── Records to process ──

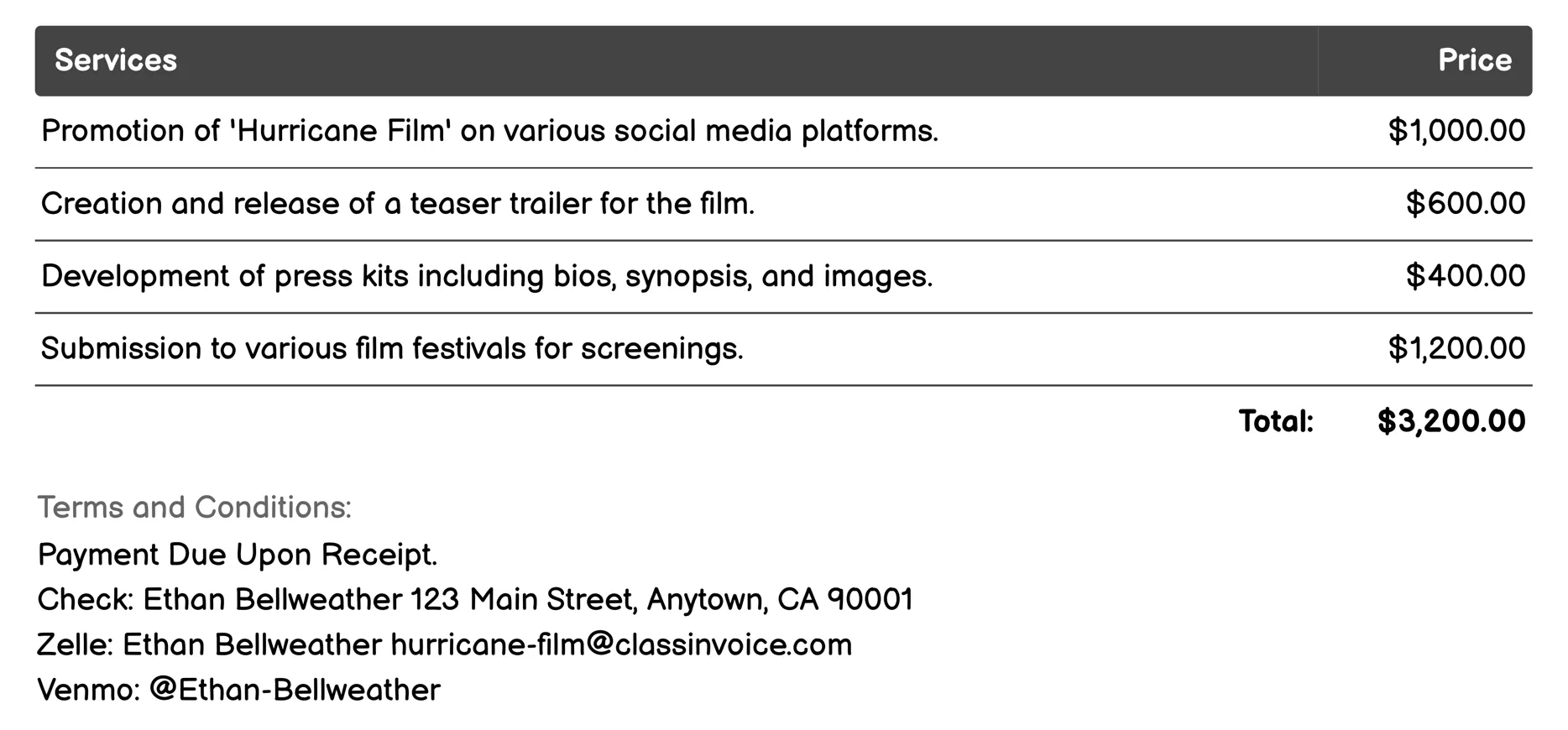 Marketing and Promotion Invoice Example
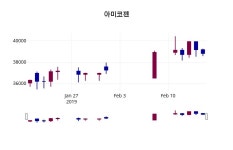 아미코젠 주가오늘시세 및 주체별 매매동향 18일  현재 38900원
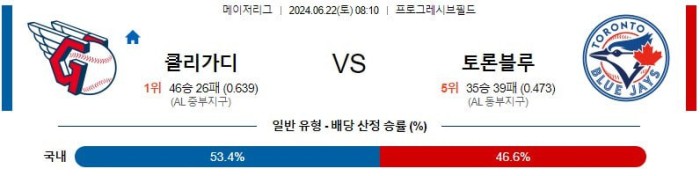 MLB분석 6월22일 08:10 클리블랜드 vs 토론토 분석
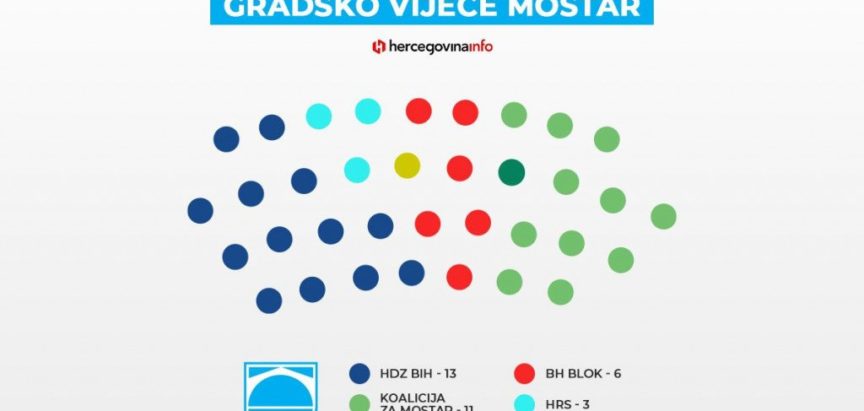 Potvrđeni rezultati izbora u Mostaru, HDZ-u 13 vijećnika, Koaliciji za Mostar 11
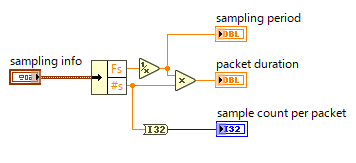 wavegen-sampling-info.png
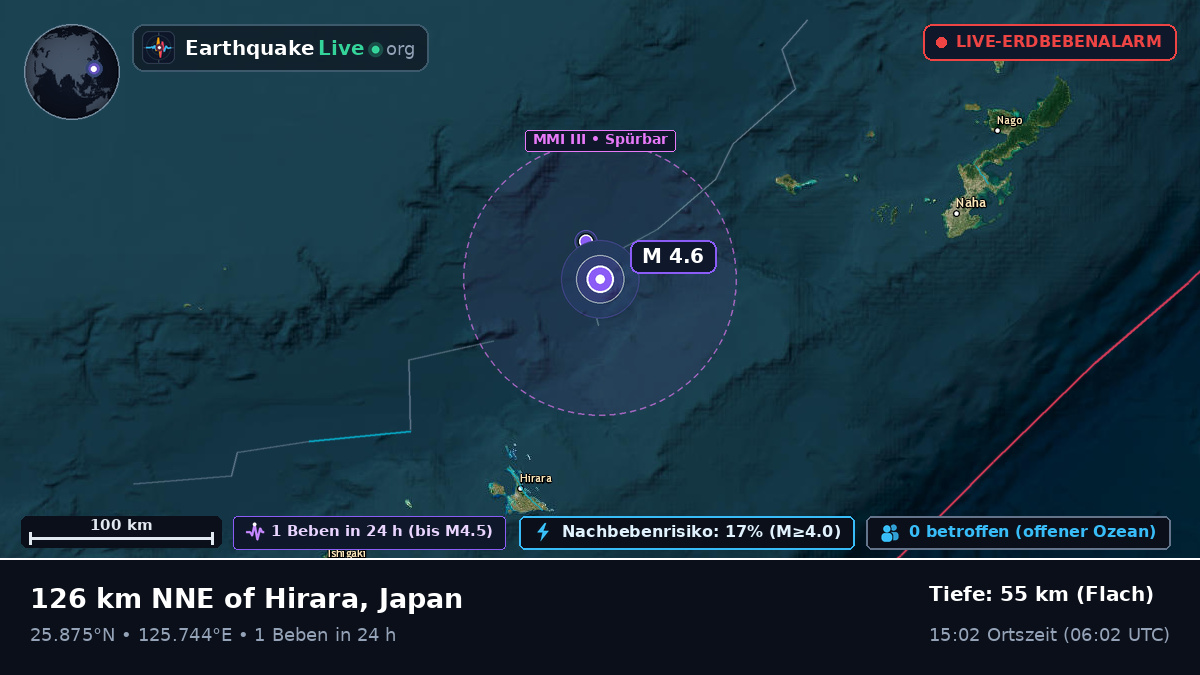 Philippinensee (Japan)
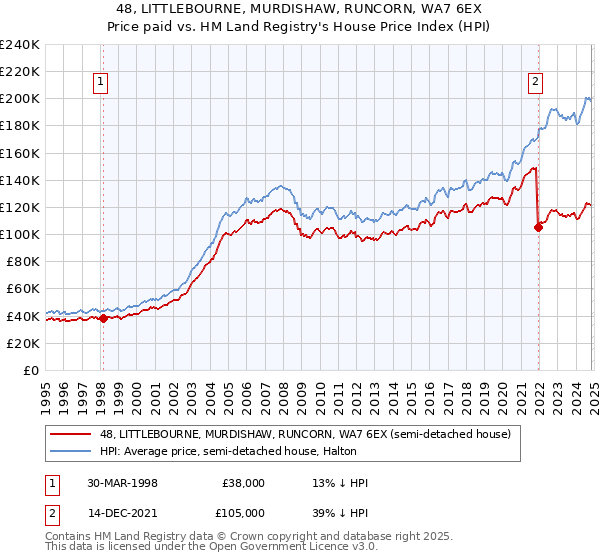 48, LITTLEBOURNE, MURDISHAW, RUNCORN, WA7 6EX: Price paid vs HM Land Registry's House Price Index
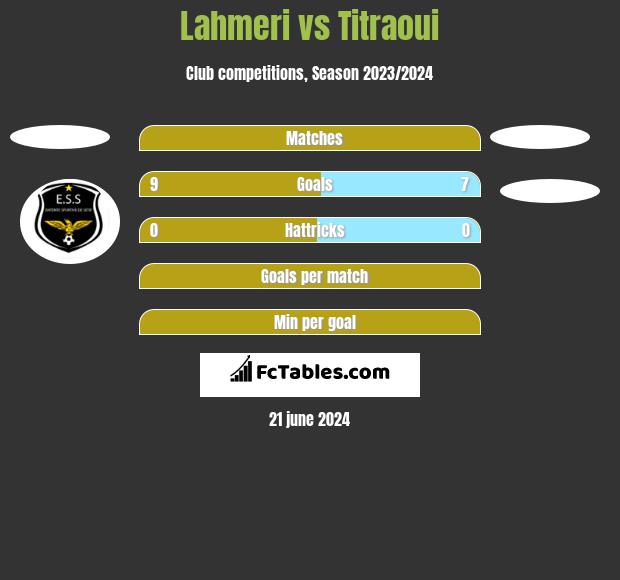 Lahmeri vs Titraoui h2h player stats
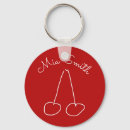 Recherche de la bombe porteclés Fruit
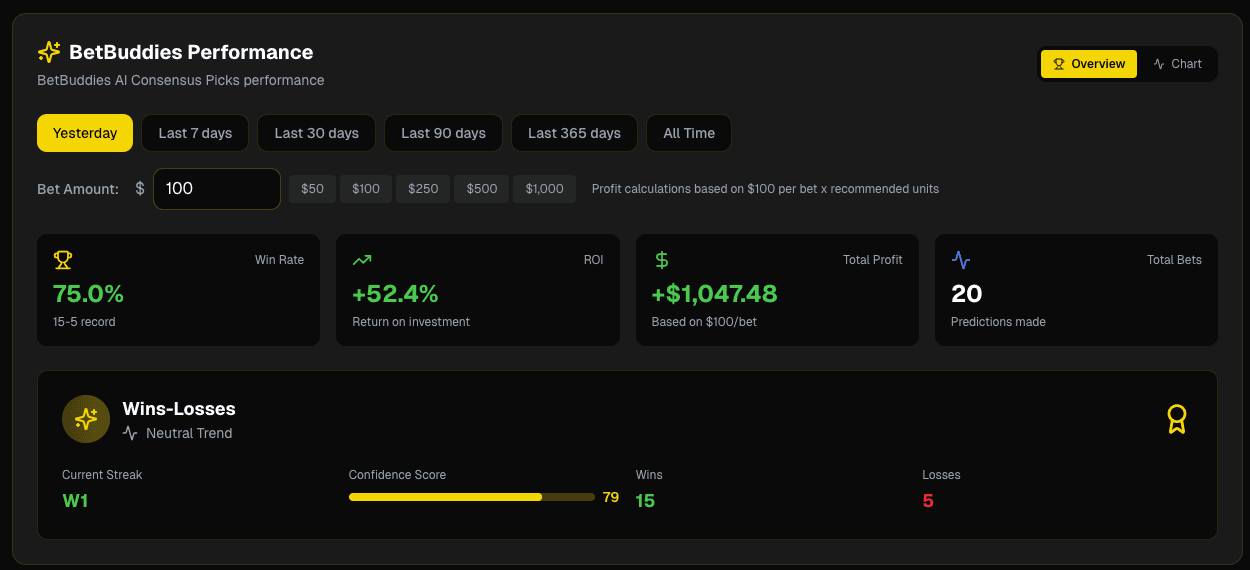BetBuddies Performance Metrics
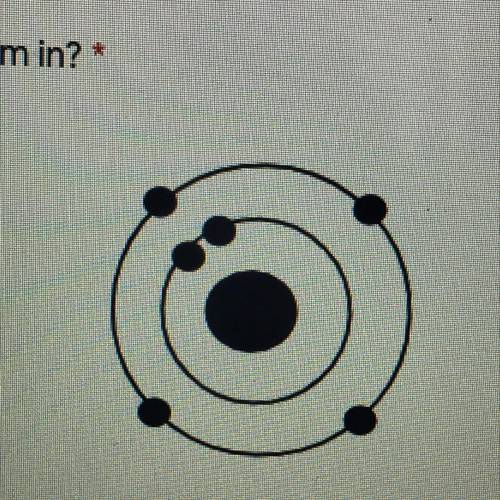 2. What group is the atom in?
2 or 2A
6
14 
1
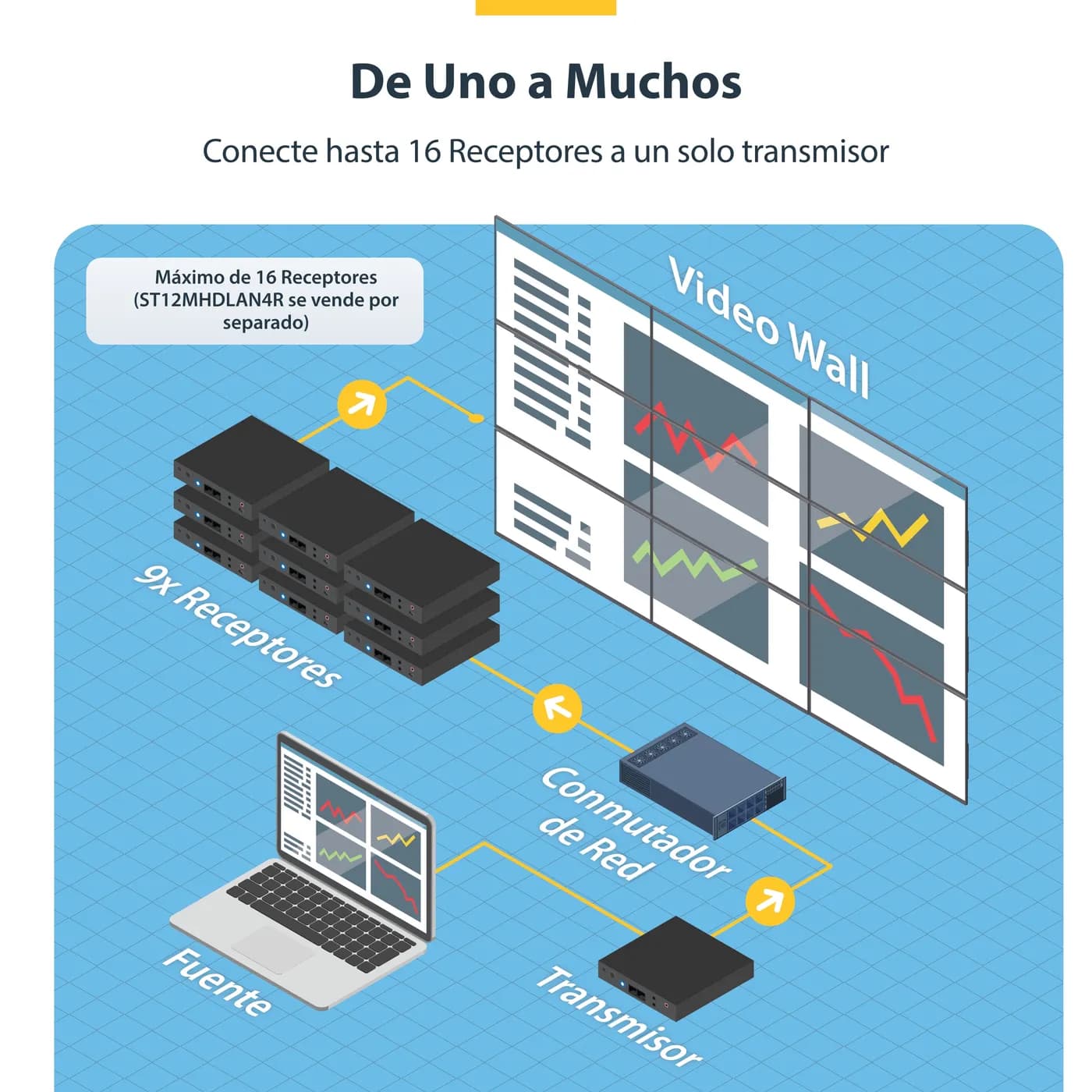 StarTech.com Juego de Extensor HDMI 4K con Soporte para Mosaico de Vid 9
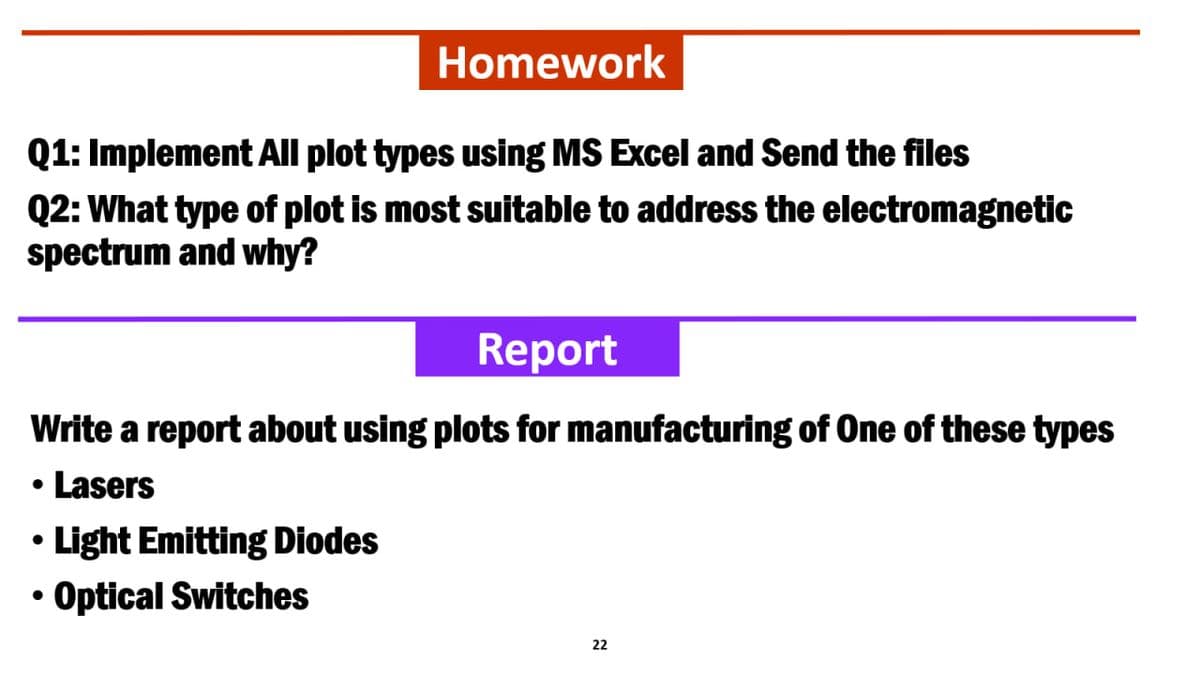 Homework
Q1: Implement All plot types using MS Excel and Send the files
Q2: What type of plot is most suitable to address the electromagnetic
spectrum and why?
Report
Write a report about using plots for manufacturing of One of these types
•
•
Lasers
Light Emitting Diodes
• Optical Switches
22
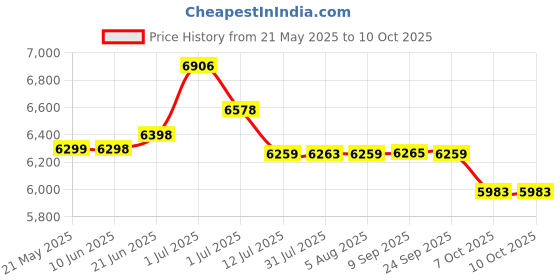 flipkart.com impulse by plantex One Piece Toilet/Water Closet & Soft Close Seat - S Trap APS-744-FUSION-WHT Western Commode impulse by plantex Price History Graph from 21 May 2025 to 10 Oct 2025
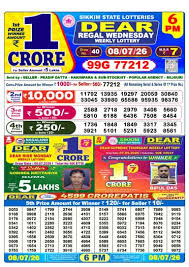 Lottery Sambad Today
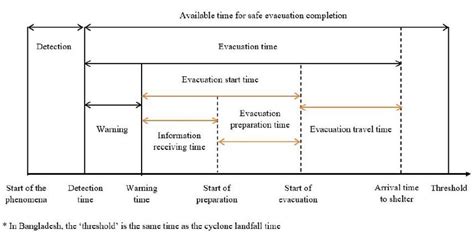 Schematic of the cyclone evacuation timeline (created by author) | Download Scientific Diagram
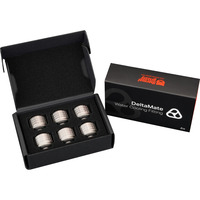 Thermal Grizzly DeltaMate Fitting HT14, Conexión níquel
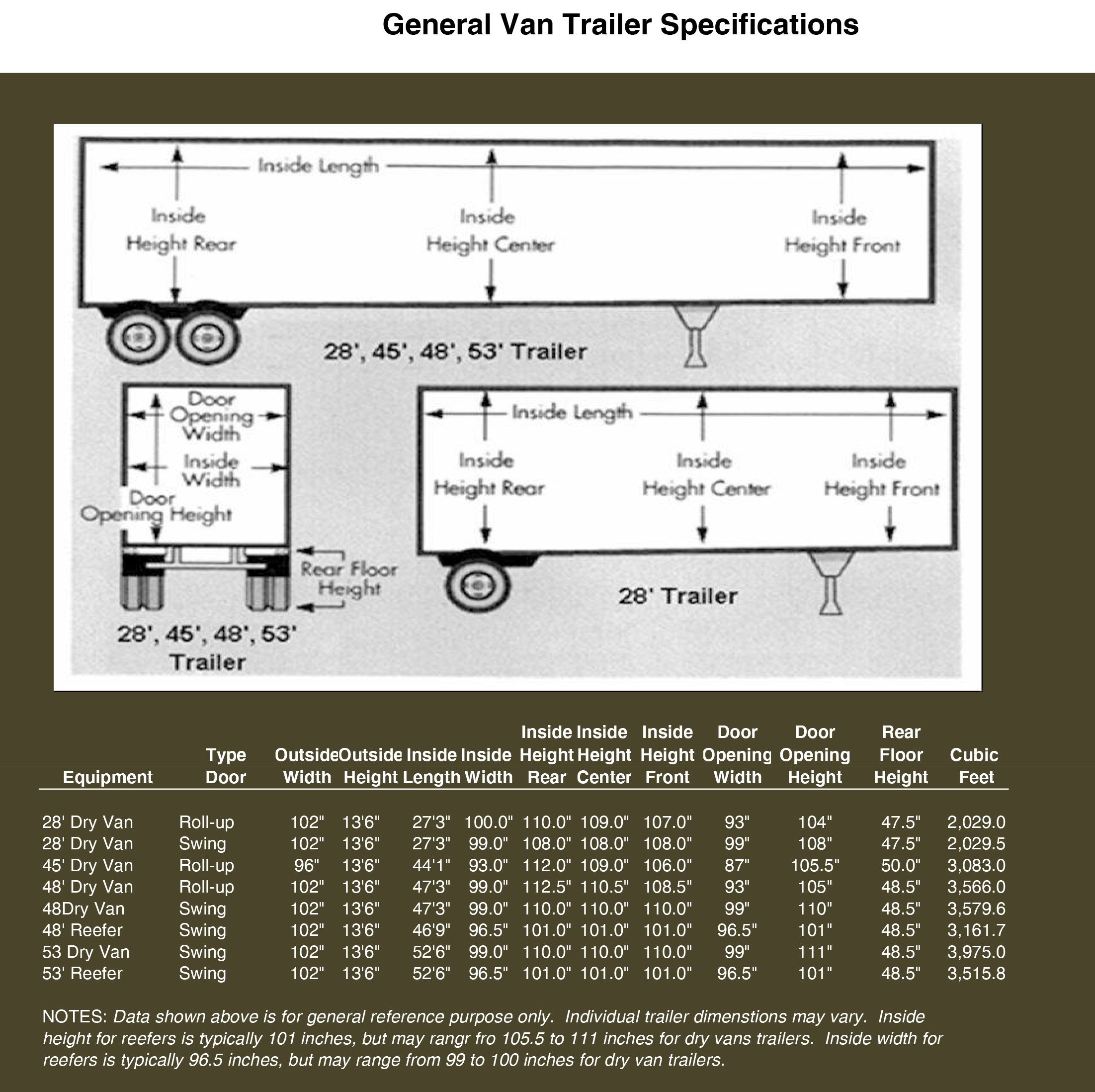 General Dry Van Trailer Specifications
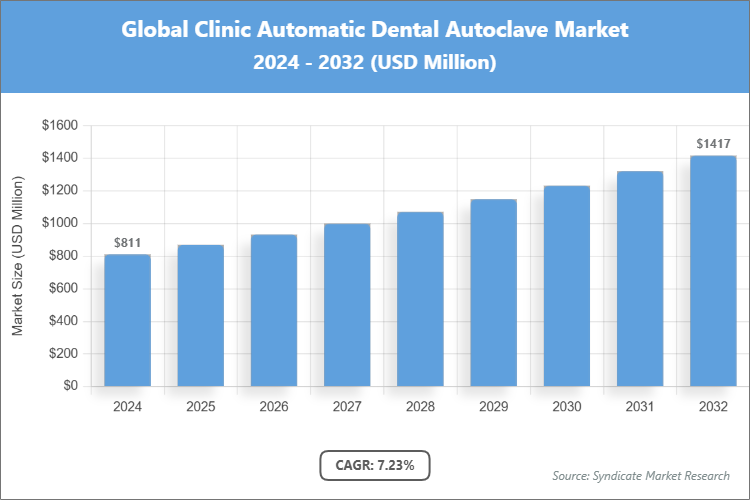 Global Clinic Automatic Dental Autoclave Market Size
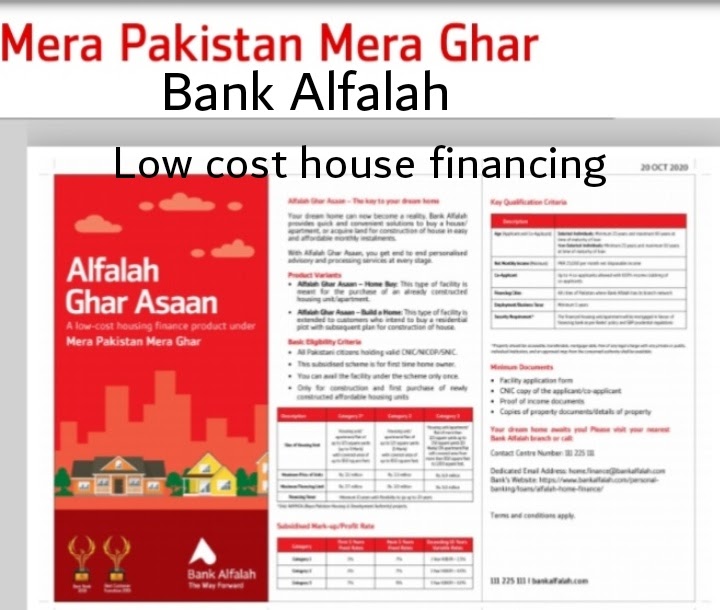 Bank Alfalah Low Cost Loan Ghar Asaan Mera Pakistan Mera Ghar House Loan Detail Fusionstories Fusionstories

───

Task requirements: Go through the records line by line, and copy each line that holds the string "using".

Expected output:
Q1: Implement All plot types using MS Excel and Send the files
Write a report about using plots for manufacturing of One of these types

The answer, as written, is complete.